Neutral Citation Number: [2012] EWHC 1612 (Admlty)

Case No: 2010 CC78847

IN THE HIGH COURT OF JUSTICE
QUEEN'S BENCH DIVISION
ADMIRALTY COURT

Royal Courts of Justice

Strand, London, WC2A 2LL

Date: 15/06/2012

Before :

MR. JUSTICE TEARE

Between :

NILOUFER BRAGANZA

Claimant

- and -

BP SHIPPING LTD

BP MARITIME SERVICES (SINGAPORE) PTE LTD

Defendant

BELINDA BUCKNALL QC (instructed by Duval Vassiliades Solicitors) for the Claimant

GRAHAME ALDOUS QC (instructed by Hill Dickinson) for the Defendants

Hearing dates: 30 May 2012

Judgment

Mr. Justice Teare:

1.

On 30 May 2012 I gave judgment in this action. The Claimant succeeded in her contractual claim for the payment of death benefits in respect of her late husband in the sum of US$230,256 but failed in her claim in tort under the Fatal Accidents Act 1976 for damages in the sum of US$1,325,945.

2.

On 30 May 2012 I also ordered that the Defendant, BP, pay interest on the sum of US$230,256 at the rate of 5.25% from 1 September 2009 until 28 February 2012.

3.

The Claimant submitted that she should be awarded 80% of the costs of the action. The 20% deduction was intended to reflect the fact that the Claimant had failed in her claim in tort. BP submitted that the proper order for costs should be as follows:

(i)

The Defendants to pay the Claimant’s costs of the claim in contract until 25 March 2011.

(ii)

The Claimant to pay the costs of the claim in tort before 25 March 2011 and the Defendants’ costs of both claims from 25 March 2011.

4.

I was shown an estimate of the Claimant’s costs which have been incurred on the basis of a Conditional Fee Agreement (CFA). Including a success fee of 100% they amounted to £2,639,399. That estimate was provided by the Claimant to BP on 20 February 2012. Another estimate was provided to the Court as part of the Pre-Trial Checklist which was in the sum of £1,370,000 excluding the success fee, which would suggest a total bill in the region of £2,700,000. The Claimant’s costs are, to put it mildly, striking. That is because the base figure (excluding the success fee) is greater than the failed claim in tort and several times the claim in contract which succeeded.

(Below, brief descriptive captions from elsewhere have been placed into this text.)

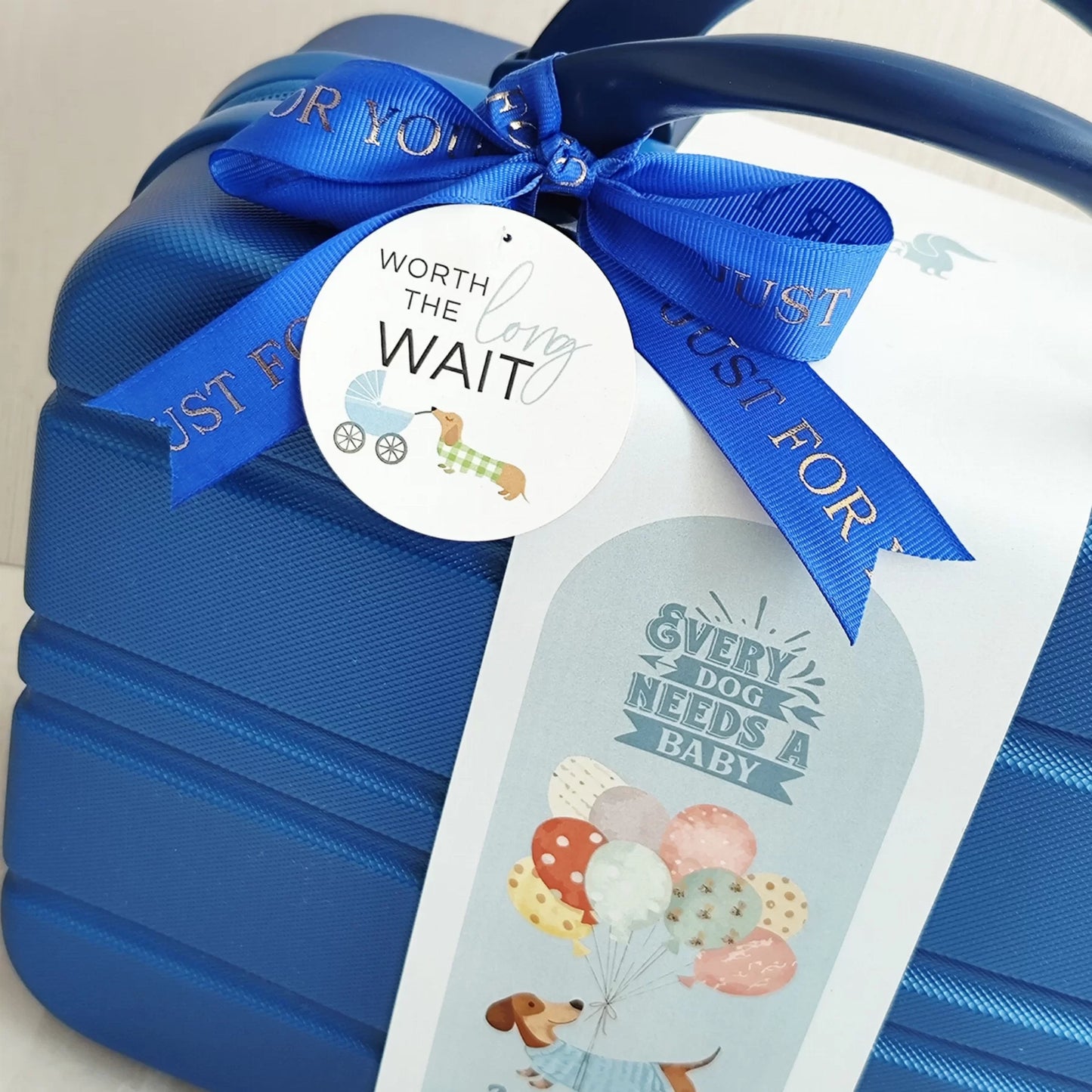 Puppy Baby Gift Set in Keepsake Suitcase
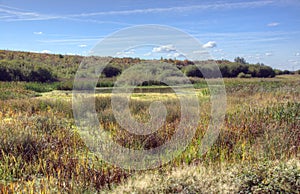 Nature Reserve, Fairburn Ings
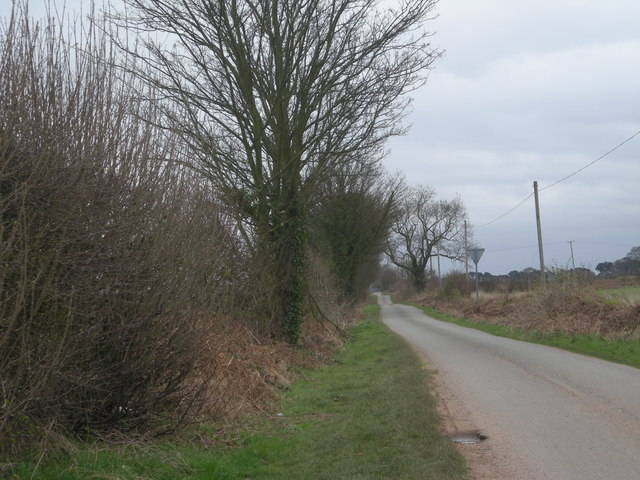 Lizard Lane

By comparison BP’s costs were estimated in the Pre-Trial Checklist in the sum of £420,000, a little less than one third of the Claimant’s base costs.

5.

The apparent quantum of the Claimant’s costs is so substantial that my decision on costs may well be of greater financial significance than my decision on the merits of the case. It was for that reason, and because it was necessary for me to consider the detailed terms of the several offers made by BP to settle the case (which I saw for the first time during oral submissions) that I thought it prudent to reserve my decision on costs.

6.

BP made no less than 6 offers to settle this litigation between 28 February 2011 and 6 March 2012. The first of these, an offer made on 28 February 2011 to pay a sum of $100,000 plus £5,000 in respect of costs, may be ignored because it fell well below the amount of BP’s liability on the contractual claim. However, it is necessary to note the others. Mr. Aldous accepts that none was an effective Part 36 offer but submits, correctly, that pursuant to CPR 44.3 (4) I must take them into account.

7.

On 25 March 2011 BP made an offer, without prejudice save as to costs, to pay $230,256 in settlement of the claim in contract and any claim in tort (none had yet been formally brought but such a claim had been intimated by letter dated 28 February 2011) plus the Claimant’s reasonable costs with a success fee of no more than 25%. There was to be a confidentiality clause which would prevent publicising the fact of settlement and no admission of liability. It remained open for acceptance for 21 days and was expressed to be a Part 36 offer and so could still be accepted once 21 days had expired in accordance with Part 36.10(5).

8.

It is to be noted that this was an offer to pay the full sum claimed in contract plus costs. The success fee was limited to 25% but I was told by Mr. Aldous that this was the standard success fee approved by the Civil Justice Council for up to 21 days before trial in an employer’s liability claim. However, the offer made no mention of interest.

9.

On the same day, 25 March 2011, the Claimant’s solicitors replied as follows:

“It really is quite pointless to offer our client less than she will clearly recover in the contract compensation clam, so the offer is rejected out of hand. The offer equates to some 14% of the overall claims for both aspects of the case which is of no interest whatsoever.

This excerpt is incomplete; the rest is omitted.